START RECORDED INFORMATION

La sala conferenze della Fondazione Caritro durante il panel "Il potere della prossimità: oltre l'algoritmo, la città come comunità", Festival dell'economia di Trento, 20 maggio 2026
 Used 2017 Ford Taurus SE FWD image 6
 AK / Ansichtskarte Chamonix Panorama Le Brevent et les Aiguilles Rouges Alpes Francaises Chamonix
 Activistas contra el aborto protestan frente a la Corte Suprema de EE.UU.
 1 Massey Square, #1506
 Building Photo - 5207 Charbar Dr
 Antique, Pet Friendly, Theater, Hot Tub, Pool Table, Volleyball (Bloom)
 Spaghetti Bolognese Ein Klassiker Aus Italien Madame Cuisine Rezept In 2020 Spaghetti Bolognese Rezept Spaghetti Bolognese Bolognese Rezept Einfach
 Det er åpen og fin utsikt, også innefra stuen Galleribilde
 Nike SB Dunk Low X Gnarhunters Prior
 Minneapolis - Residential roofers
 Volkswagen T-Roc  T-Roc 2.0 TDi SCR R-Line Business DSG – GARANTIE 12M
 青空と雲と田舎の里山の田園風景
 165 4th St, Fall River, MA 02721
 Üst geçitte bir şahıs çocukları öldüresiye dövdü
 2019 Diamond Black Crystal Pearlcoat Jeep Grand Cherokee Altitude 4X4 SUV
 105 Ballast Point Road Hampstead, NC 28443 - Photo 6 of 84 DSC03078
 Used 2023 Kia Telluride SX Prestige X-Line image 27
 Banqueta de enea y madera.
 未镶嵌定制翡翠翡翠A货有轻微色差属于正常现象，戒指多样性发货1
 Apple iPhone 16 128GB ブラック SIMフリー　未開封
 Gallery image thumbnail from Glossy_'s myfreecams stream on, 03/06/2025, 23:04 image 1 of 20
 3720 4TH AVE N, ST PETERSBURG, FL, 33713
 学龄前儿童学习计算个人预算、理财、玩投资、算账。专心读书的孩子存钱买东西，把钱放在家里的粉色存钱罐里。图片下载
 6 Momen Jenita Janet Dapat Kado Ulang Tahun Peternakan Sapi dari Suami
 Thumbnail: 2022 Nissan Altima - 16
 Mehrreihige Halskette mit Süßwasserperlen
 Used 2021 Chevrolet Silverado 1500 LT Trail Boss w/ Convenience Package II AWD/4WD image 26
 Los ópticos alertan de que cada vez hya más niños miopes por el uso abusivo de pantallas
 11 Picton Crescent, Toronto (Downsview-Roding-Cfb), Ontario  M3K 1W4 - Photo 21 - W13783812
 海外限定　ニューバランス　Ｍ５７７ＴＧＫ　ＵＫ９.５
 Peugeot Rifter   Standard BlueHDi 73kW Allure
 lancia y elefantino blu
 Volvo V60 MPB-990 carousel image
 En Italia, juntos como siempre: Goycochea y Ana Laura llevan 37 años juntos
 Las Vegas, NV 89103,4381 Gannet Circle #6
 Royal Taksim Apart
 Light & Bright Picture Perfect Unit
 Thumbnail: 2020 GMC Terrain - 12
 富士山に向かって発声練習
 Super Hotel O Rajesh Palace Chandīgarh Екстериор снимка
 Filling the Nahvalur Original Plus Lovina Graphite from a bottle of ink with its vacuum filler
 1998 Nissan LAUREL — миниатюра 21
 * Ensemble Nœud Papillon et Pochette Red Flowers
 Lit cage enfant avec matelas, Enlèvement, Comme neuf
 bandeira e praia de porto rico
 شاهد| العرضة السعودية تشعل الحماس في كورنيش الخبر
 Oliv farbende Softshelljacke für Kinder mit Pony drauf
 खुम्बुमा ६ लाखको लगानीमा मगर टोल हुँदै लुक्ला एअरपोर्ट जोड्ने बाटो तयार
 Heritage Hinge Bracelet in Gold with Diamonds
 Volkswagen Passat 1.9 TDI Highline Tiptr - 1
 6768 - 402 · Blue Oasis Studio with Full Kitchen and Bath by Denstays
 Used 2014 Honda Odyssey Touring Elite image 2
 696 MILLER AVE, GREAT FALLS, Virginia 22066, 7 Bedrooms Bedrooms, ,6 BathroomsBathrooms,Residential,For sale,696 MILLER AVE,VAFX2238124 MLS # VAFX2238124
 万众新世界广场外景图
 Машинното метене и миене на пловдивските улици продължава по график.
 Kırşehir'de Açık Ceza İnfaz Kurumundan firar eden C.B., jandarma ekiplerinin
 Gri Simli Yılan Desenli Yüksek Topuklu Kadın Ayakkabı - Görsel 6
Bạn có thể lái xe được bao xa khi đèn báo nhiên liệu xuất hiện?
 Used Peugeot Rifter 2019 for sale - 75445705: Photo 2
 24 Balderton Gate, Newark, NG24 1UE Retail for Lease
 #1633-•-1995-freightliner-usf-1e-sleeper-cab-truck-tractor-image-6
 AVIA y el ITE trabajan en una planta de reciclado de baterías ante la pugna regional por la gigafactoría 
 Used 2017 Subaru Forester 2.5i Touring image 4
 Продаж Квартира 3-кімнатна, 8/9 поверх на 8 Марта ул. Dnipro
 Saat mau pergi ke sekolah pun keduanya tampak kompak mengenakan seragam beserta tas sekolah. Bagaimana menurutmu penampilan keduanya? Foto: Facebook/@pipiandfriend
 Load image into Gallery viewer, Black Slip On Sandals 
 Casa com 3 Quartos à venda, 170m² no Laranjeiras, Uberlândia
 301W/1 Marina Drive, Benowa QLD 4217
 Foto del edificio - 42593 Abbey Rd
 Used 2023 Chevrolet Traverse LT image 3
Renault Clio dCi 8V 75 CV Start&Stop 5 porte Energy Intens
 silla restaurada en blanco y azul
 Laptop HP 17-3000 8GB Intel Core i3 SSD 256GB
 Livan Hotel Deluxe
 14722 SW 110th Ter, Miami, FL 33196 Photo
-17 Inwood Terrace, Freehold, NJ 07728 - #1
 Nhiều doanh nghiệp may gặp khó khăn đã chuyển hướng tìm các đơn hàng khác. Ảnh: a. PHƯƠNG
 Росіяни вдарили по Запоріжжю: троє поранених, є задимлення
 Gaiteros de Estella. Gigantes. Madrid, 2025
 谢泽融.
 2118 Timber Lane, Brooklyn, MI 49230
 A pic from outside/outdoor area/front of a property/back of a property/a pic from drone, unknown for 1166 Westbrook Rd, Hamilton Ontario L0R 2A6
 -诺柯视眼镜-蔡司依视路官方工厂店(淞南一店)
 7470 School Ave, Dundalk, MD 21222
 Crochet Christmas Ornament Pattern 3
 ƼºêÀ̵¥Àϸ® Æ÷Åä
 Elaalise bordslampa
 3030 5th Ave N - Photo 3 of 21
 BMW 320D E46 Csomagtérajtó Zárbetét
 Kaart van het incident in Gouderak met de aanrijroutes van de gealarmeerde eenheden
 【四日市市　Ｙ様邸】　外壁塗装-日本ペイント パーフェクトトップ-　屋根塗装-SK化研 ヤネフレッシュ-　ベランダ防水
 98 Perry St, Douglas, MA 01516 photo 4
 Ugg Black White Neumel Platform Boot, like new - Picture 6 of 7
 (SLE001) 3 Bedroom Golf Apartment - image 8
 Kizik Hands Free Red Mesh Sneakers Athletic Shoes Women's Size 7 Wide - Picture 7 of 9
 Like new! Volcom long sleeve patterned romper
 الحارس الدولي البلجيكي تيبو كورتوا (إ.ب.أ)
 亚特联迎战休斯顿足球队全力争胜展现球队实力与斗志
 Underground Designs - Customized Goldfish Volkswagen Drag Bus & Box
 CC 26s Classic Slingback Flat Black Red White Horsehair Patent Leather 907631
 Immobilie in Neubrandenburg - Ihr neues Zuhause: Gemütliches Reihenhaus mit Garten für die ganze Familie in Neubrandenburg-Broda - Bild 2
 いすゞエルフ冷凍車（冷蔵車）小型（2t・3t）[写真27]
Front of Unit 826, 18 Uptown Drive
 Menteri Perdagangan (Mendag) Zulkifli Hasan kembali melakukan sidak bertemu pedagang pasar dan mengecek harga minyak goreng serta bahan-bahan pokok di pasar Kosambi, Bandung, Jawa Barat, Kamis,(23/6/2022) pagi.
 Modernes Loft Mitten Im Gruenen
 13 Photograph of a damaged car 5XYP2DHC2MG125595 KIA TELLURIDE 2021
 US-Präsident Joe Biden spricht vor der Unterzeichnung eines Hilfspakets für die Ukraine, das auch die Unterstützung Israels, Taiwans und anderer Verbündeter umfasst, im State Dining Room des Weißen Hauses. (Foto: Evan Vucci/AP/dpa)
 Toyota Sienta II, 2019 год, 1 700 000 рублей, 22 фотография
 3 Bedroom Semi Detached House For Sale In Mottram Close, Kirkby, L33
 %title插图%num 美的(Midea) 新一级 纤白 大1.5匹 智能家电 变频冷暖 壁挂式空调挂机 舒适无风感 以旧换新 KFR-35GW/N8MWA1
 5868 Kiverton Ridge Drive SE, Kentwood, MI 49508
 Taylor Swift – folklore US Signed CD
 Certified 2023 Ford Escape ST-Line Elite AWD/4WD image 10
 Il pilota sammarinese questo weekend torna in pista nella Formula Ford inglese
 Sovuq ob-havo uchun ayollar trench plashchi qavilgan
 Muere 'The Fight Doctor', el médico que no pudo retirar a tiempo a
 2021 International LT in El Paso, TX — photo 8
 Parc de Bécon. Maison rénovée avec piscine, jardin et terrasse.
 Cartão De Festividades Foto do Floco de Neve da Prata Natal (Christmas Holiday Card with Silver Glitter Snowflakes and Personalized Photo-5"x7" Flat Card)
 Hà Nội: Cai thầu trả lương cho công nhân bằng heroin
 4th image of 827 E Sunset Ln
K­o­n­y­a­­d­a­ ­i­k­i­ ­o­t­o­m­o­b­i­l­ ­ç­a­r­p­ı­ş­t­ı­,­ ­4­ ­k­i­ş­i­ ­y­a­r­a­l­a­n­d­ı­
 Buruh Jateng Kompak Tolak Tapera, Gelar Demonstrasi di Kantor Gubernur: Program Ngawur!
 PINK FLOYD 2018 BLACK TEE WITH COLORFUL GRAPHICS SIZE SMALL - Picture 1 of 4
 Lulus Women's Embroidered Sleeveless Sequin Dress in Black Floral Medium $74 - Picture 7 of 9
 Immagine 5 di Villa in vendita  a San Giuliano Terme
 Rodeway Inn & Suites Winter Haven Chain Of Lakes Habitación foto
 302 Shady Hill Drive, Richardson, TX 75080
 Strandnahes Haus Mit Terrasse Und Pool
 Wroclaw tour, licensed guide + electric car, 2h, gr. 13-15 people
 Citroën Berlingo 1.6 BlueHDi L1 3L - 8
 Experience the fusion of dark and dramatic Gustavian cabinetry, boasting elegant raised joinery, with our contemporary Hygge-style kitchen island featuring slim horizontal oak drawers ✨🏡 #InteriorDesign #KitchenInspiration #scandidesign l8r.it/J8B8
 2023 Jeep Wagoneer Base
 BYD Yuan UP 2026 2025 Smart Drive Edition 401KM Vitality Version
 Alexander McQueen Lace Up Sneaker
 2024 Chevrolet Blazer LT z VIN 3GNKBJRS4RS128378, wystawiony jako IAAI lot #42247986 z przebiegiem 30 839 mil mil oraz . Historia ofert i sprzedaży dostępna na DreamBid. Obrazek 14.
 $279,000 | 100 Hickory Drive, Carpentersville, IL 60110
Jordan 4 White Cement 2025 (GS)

END RECORDED INFORMATION

**THE TASK**
Wherever the word "Residential" turns up in the records above, copy the line that holds it.

**ANSWER BELOW**
 Minneapolis - Residential roofers
 696 MILLER AVE, GREAT FALLS, Virginia 22066, 7 Bedrooms Bedrooms, ,6 BathroomsBathrooms,Residential,For sale,696 MILLER AVE,VAFX2238124 MLS # VAFX2238124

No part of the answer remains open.